B. Borrowers desire to consummate, and Lender is willing to consent to,
the "Transactions" (as hereinafter defined), all on the terms and conditions set
forth in this Amendment.
C. This Amendment shall constitute a Loan Document and these Recitals
shall be construed as part of this Amendment; capitalized terms used herein
without definition are so used as defined in Annex A to the Credit Agreement.
NOW, THEREFORE, in consideration of the premises and the mutual covenants
hereinafter contained, the parties hereto agree as follows:
1. Request. Borrowers hereby request that Lender consent to: (a) Ringer's
creation of a wholly-owed Subsidiary of Ringer to be merged with and into SRI,
with SRI remaining as the surviving corporation and a wholly-owned Subsidiary of
Ringer; (1,) SRI's maintenance of (i) the Fremont Loan and (ii) all other
Indebtedness of SRI outstanding and in effect as of the date hereof (the "Other
Debt"); and (c) the changing of each Borrower's and SRI's Fiscal Year to
December 31 (collectively the "Transactions").
2. Consent.

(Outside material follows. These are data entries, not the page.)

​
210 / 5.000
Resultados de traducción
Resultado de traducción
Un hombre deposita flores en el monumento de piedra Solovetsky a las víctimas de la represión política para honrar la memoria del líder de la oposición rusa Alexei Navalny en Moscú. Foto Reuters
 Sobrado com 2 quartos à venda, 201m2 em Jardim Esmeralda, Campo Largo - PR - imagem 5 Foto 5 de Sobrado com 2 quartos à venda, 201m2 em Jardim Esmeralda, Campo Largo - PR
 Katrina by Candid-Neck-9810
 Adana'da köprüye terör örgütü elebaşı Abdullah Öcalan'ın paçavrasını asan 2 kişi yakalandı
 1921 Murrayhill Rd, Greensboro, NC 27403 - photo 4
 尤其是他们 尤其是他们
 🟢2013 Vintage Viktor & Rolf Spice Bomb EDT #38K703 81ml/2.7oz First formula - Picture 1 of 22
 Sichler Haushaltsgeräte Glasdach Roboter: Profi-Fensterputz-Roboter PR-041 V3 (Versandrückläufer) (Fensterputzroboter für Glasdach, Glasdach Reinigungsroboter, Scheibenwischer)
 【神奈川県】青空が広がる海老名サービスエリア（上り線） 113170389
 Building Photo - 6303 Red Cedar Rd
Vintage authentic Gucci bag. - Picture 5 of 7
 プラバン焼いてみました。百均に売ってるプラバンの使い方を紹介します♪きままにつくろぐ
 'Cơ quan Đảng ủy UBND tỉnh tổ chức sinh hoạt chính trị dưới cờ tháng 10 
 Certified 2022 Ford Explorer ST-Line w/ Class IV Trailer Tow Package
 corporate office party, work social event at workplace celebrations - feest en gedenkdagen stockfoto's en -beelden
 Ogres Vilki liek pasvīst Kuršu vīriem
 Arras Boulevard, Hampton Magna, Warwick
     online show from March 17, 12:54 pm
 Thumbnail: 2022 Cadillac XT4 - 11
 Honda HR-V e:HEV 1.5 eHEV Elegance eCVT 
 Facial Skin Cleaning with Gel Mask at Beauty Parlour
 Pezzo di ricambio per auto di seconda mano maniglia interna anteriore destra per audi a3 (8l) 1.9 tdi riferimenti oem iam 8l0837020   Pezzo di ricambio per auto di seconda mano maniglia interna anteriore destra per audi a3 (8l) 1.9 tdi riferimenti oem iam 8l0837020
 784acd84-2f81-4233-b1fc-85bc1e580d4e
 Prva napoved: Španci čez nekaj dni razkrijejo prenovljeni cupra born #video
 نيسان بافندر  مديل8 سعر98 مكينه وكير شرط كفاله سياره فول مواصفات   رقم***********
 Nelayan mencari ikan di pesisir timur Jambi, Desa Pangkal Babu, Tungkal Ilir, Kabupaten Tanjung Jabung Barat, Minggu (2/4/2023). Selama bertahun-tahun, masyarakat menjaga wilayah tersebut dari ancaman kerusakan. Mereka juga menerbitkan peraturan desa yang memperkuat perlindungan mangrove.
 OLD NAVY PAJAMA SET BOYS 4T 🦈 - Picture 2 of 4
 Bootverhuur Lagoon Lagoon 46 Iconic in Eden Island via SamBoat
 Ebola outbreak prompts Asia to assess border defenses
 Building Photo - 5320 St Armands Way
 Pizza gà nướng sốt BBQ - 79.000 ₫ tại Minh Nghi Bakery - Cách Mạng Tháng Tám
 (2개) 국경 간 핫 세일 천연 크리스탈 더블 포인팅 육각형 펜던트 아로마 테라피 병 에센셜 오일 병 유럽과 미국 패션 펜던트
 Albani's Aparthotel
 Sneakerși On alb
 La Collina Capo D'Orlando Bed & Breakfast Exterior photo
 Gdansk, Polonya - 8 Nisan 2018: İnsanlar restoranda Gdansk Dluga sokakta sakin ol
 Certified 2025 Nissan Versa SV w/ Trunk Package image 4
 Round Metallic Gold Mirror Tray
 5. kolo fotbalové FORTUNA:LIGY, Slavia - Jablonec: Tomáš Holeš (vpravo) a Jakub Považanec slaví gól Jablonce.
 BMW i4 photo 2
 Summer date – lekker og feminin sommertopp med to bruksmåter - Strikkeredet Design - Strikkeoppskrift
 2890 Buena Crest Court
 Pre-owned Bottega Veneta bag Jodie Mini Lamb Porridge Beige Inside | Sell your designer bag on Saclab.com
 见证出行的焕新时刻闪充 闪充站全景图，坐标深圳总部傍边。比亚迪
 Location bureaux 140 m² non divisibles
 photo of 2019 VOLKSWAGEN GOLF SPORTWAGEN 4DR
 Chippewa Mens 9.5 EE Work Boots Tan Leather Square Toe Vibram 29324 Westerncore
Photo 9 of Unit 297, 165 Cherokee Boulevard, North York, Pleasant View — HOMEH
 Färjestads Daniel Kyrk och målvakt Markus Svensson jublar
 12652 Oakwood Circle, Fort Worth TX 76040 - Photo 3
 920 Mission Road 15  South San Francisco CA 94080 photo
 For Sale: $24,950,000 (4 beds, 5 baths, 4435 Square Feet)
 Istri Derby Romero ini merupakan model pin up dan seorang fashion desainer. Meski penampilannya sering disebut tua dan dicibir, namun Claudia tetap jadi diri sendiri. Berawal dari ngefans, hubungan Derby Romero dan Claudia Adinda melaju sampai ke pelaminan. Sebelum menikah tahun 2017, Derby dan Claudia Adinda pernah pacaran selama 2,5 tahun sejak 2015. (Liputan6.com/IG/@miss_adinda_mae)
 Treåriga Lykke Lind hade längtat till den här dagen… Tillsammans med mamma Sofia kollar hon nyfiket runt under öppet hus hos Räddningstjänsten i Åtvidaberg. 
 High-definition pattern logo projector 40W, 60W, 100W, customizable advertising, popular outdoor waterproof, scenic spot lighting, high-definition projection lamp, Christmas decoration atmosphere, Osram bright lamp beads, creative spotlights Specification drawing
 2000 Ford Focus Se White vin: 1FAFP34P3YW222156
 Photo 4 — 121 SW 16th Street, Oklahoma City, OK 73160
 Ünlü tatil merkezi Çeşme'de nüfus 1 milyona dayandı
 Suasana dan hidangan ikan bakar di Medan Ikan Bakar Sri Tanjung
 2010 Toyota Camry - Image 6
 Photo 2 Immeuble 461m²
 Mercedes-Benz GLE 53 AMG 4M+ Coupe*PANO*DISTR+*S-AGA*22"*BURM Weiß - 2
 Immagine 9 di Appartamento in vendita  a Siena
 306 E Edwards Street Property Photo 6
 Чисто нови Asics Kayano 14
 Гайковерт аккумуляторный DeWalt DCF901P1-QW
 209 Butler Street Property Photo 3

Subject to the conditions set forth in this Amendment,
Lender hereby consents to the Transactions; provided that: (a) the Fremont Loan
shall be refinanced in full on or prior to April 30, 1998; (b) Lender shall have
the right, at its sole discretion, but not an obligation, to refinance the
Fremont Loan and no Person shall enter into any agreement or understanding with
any other Person to provide such refinancing without first offering such
opportunity to Lender and Lender having declined such opportunity; (c) except as
may be granted to Lender, no Stock of SRI shall at any time be subject to any
Lien; (d) after the consummation of the Transactions, all Financial Statements
of Ringer shall be provided on a consolidated and consolidating basis; (e) SRI
shall not be considered a Subsidiary of Ringer for purposes of calculating
Borrowers' compliance with the Financial Covenants set forth in Annex G to the
Credit Agreement; (f) no Credit Party shall advance to SRI, or cause or permit
to be advanced to SRI, and SRI shall not incur, any intercompany Indebtedness of
whatsoever nature; (g) no Credit Party shall incur, or cause or permit to be
incurred, any Guaranteed Indebtedness in respect of any Indebtedness or other
obligation of SRI of whatsoever nature; (h) no Credit Party shall make, or cause
or permit to be made, any investment in SRI of whatsoever nature; and (i) SRI
shall at no time incur or otherwise assume any Indebtedness or Guaranteed
Indebtedness in addition to the Fremont Loan and the Other Debt.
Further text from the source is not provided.